### Exercise aim:
Your answer should be the full data, transcribed exactly, with no pictures in it.

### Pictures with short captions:
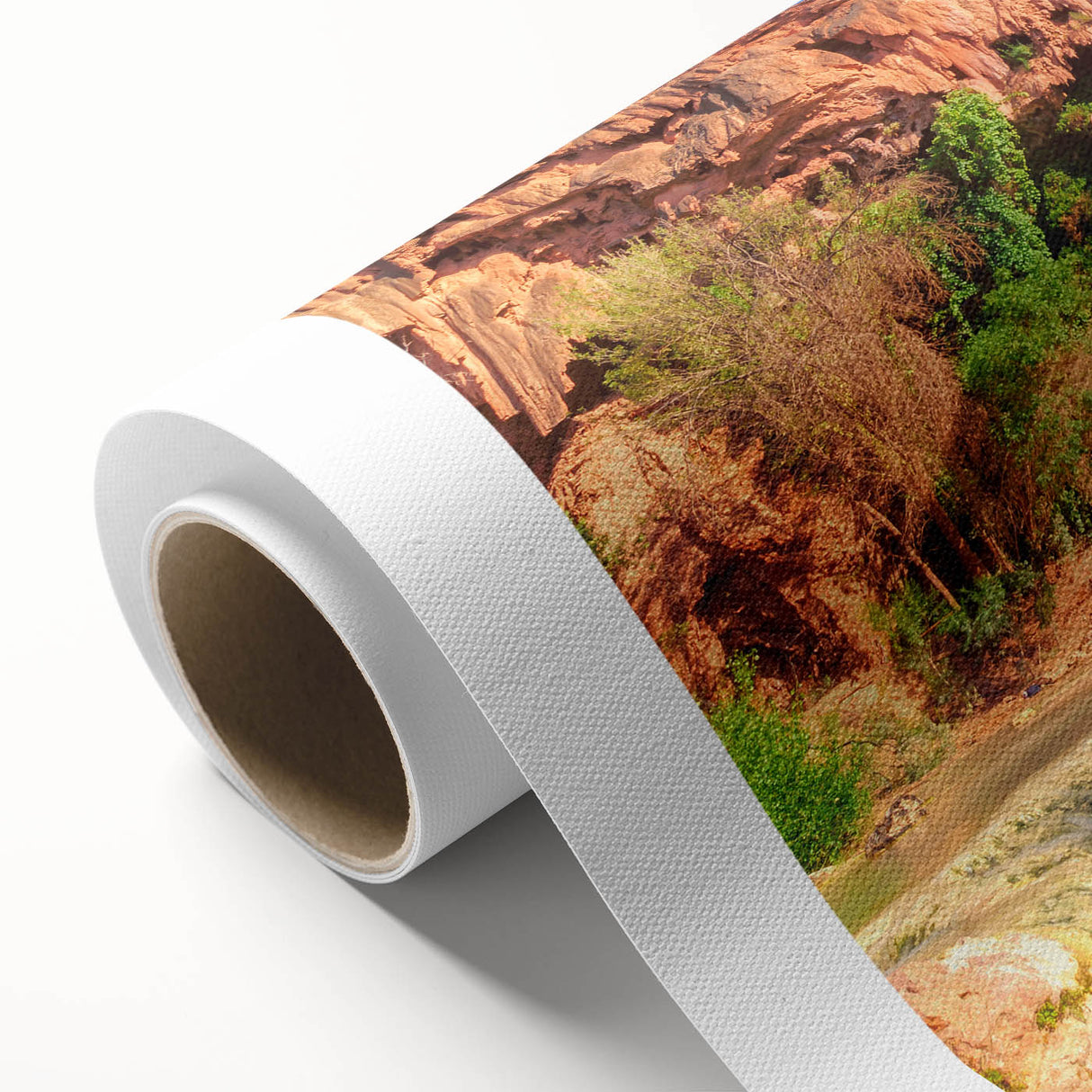 Serene landscape wall art featuring a picturesque waterfall cascading over rocks, surrounded by lush greenery on a rolled canvas print, perfect for home decor.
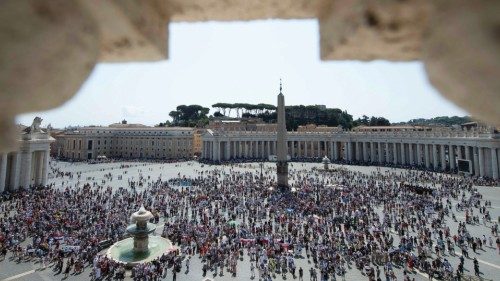 People gather at Saint Peter's Square for the Angelus prayer at the Vatican August 22, 2021.   ...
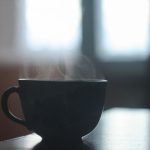 Flavored Tea Meng - black ceramic teacup on table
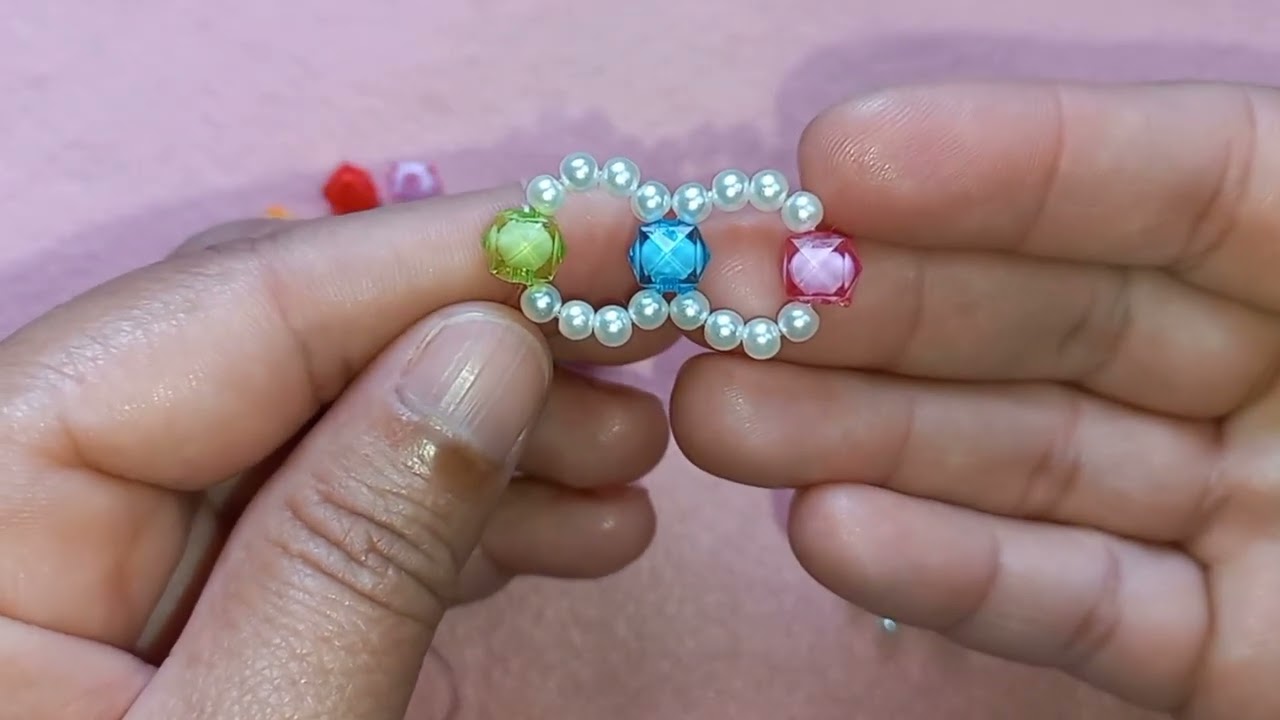 Pulseira entrelaçada com pérolas e quadradinhos coloridos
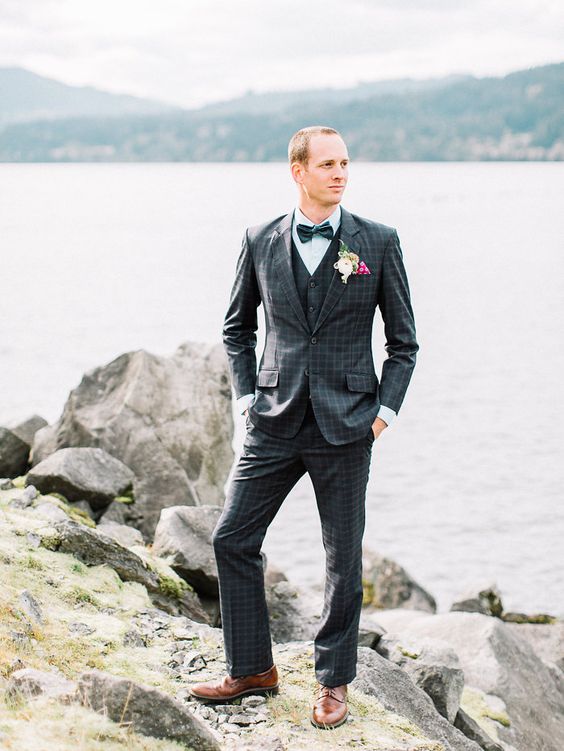 a retro groom's look with a navy windowpane print suit in three pieces, an aqua shirt, a blue bow tie and brown shoes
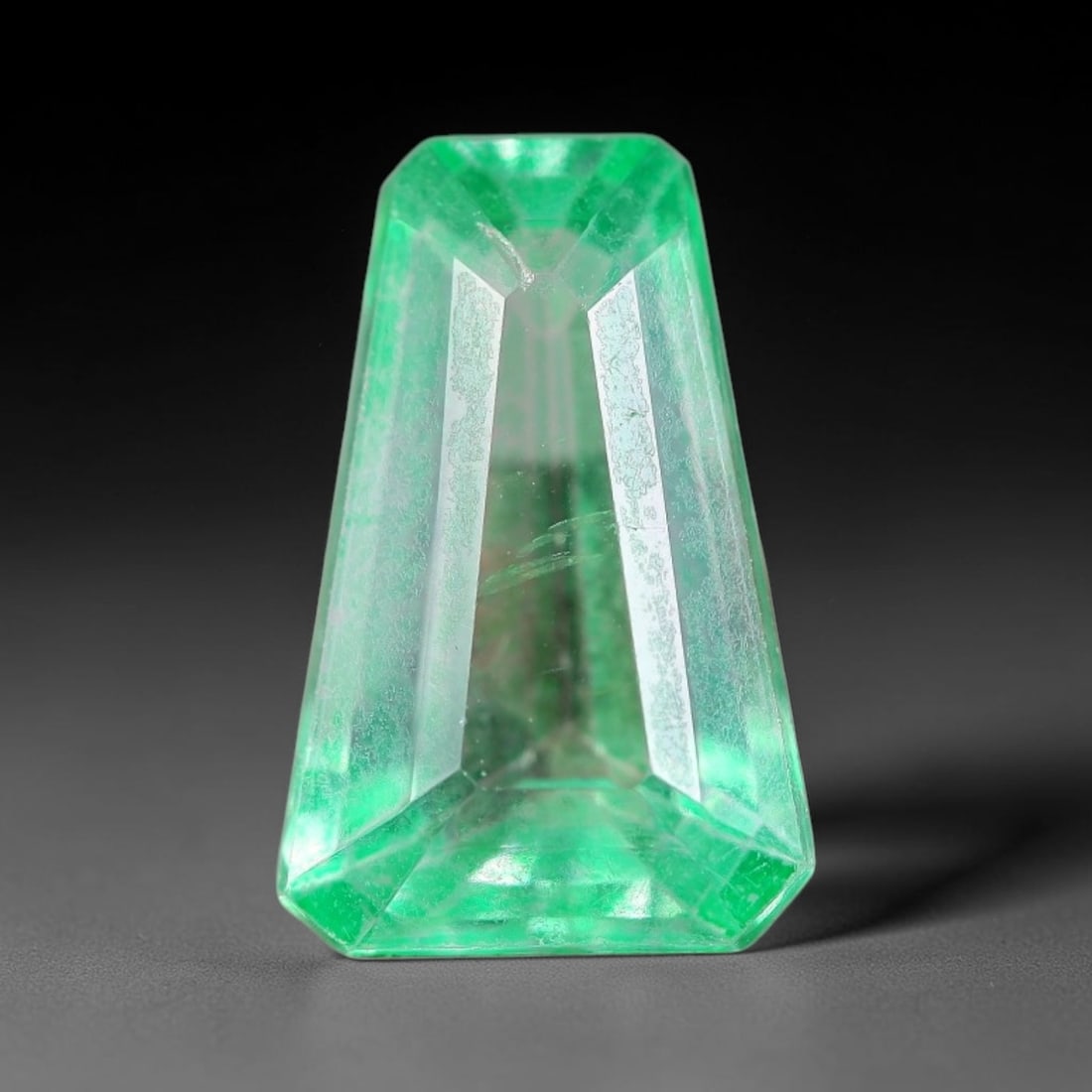 5.55 Carats Natural Brazil Vivid Green Topaz Loose Gemstone, 7FE: This natural Brazil topaz with recorded dimensions of 13.8x9x5.8mm, featuring a bright saturated green tone achieved via color coating treatment across the gem surface, with faint subtle natural inter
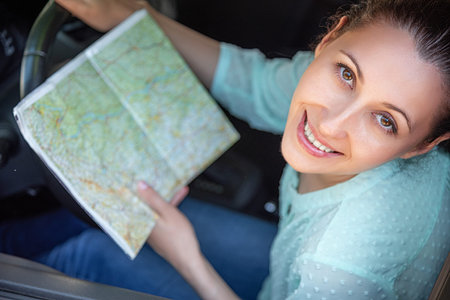 Young woman driver with a paper map in her hands.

### Exercise response:
 Serene landscape wall art featuring a picturesque waterfall cascading over rocks, surrounded by lush greenery on a rolled canvas print, perfect for home decor.
 People gather at Saint Peter's Square for the Angelus prayer at the Vatican August 22, 2021.   ...
 Flavored Tea Meng - black ceramic teacup on table
 Pulseira entrelaçada com pérolas e quadradinhos coloridos
 a retro groom's look with a navy windowpane print suit in three pieces, an aqua shirt, a blue bow tie and brown shoes
 5.55 Carats Natural Brazil Vivid Green Topaz Loose Gemstone, 7FE: This natural Brazil topaz with recorded dimensions of 13.8x9x5.8mm, featuring a bright saturated green tone achieved via color coating treatment across the gem surface, with faint subtle natural inter
 Young woman driver with a paper map in her hands.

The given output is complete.